What Did Replicate: Modest Associations for Two Suggestive MSBase Severity Variants and Age-at-Onset Effects for HLA-DRB1*1501
While rs10191329A did not replicate, the study did reproduce more modest signals from the MSBase severity GWAS: rs7289446G (and its perfect LD proxy rs1207401) and rs868824C showed associations with longitudinal severity metrics, with effect directions consistent with MSBase and statistically significant results in adjusted models for specific genotype contrasts (Table 2, page 9). These effect sizes were described as modest, reinforcing that even “true positive” severity loci may be individually weak predictors.
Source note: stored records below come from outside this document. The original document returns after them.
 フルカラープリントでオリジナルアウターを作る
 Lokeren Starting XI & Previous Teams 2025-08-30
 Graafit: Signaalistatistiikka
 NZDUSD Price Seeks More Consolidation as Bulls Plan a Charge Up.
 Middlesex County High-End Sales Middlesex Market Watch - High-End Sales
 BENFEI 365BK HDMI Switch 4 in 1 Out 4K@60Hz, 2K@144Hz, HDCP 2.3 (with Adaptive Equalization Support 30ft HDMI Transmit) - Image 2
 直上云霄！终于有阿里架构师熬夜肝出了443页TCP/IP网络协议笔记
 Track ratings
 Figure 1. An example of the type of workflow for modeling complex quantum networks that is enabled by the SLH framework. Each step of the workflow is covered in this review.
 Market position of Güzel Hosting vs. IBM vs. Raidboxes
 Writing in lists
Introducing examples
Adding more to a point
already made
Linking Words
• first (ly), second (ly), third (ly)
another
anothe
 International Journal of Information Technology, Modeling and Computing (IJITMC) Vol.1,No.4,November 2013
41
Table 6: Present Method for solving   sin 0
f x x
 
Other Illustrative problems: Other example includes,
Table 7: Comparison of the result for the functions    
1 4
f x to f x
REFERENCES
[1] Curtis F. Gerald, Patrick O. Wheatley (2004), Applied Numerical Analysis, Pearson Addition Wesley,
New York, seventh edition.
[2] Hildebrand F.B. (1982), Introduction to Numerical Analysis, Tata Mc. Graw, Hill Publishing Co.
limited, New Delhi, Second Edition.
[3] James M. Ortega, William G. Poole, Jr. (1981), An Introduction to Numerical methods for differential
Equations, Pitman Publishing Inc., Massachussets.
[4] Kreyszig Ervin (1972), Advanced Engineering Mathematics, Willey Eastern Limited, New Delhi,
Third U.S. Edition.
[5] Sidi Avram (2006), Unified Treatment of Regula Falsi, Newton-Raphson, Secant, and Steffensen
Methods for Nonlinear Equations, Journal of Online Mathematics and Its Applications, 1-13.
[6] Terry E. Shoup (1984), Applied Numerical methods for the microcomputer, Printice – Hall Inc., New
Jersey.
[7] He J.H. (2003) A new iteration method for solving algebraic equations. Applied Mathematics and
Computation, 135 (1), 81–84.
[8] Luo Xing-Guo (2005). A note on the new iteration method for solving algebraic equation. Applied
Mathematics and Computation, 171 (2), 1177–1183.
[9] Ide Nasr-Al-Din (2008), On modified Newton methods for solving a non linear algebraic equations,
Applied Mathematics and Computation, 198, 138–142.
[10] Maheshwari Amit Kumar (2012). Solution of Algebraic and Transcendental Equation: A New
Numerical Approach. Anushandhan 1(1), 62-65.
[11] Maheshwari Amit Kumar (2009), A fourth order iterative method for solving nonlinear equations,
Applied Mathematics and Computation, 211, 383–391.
Additionally, the study assessed rs3135388 as a proxy for HLA-DRB1*1501 and found no association with long-term disability measures (ARMSS/MSSS), but did replicate an association with younger age at onset . This pattern aligns with a broader interpretation that some immunogenetic signals influence disease initiation timing rather than downstream neurodegenerative disability accumulation.
Interpretation and Clinical Implications: Why Independent Replication Matters Before Genotyping Enters Care
The authors emphasize several plausible reasons for discordance with prior findings, including reduced selection bias in a prospective registry (as opposed to case–control enrichment), exclusive use of in-person EDSS measurements to limit measurement bias at lower EDSS ranges, and the possibility that discovery-phase effect estimates may regress toward smaller true effects in replication (Discussion, pages 10–11). They further note intrinsic challenges in using EDSS as a severity anchor—its nonlinearity and emphasis on ambulation at higher scores may undercapture cognition, dexterity, and other disability domains—while also underscoring that relapse measures may not map cleanly onto sustained progression . The overarching conclusion is therefore pragmatic: severity GWAS findings are biologically valuable for understanding mechanisms of MS progression, but current individual genotyping (including rs10191329A and present polygenic severity constructs) is unlikely to support clinical decision-making or counseling at this time; robust replication and phenotype standardization remain essential steps toward clinically actionable prognostic genetics in MS.
Disclaimer: This blog post is based on the provided research article and is intended for informational purposes only. It is not intended to provide medical advice. Please consult with a healthcare professional for any health concerns.
References:
Kreft, K. L., Uzochukwu, E., Loveless, S., Willis, M., Wynford‐Thomas, R., Harding, K. E., ... & Robertson, N. P. (2024). Relevance of multiple sclerosis severity genotype in predicting disease course: a real‐world cohort. Annals of Neurology, 95(3), 459-470.